Fitter kids do better at school, according to new research that echoes numerous previous findings.
In the study, the fitter the middle school students were, the better they did on reading and math tests, according to researcher Sudhish Srikanth, a University of North Texas student. He presented his research last Friday at the American Psychological Association’s annual meeting in Orlando, Florida.
In the study, funded by the National Association for Sport and Physical Education, the researchers tested 1,211 students from five Texas middle schools. They looked at each student’s academic self-concept — how confident they were in their abilities to do well — and took into account the student’s socioeconomic status. And the average scores went up in correlation with levels of fitness.
The study included more than 1 200 middle school students from five schools in a suburban area of Texas, with 561 boys and 650 girls.
Fitness tests were administered during physical education classes to determine the youngsters’ heart and lung health (cardiorespiratory fitness), as well as their body mass index (BMI), an indicator of how much body fat a person has. The children also filled out questionnaires that helped the researchers determine factors such as self-esteem and social support.

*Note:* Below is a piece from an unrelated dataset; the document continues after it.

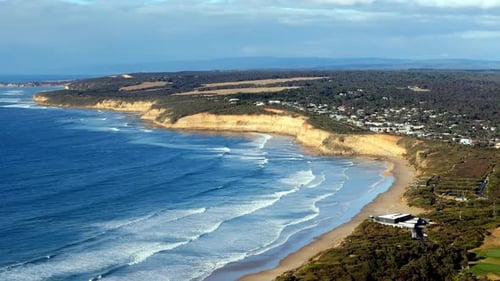 Coastal cliffs tower over a sweeping sandy beach, Waves gently breaking along the shoreline with a q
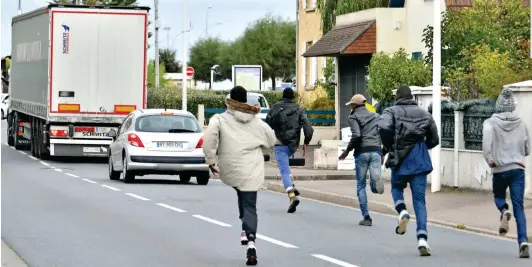  ??  ?? ‘Cat and mouse’: Migrants sprint towards a lorry heading for the ferry port as it slows for traffic lights on a residentia­l road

After accounting for factors such as age, sex, family income and self-esteem, the researchers found that for both boys and girls, higher levels of cardiorespiratory fitness predicted better scores on both the math and reading tests.
The research doesn’t prove cause and effect, and the researchers didn’t try to explain the link. But there is plenty more research demonstrating how physical fitness is associated with improvements in memory, concentration, organization, and staying on task.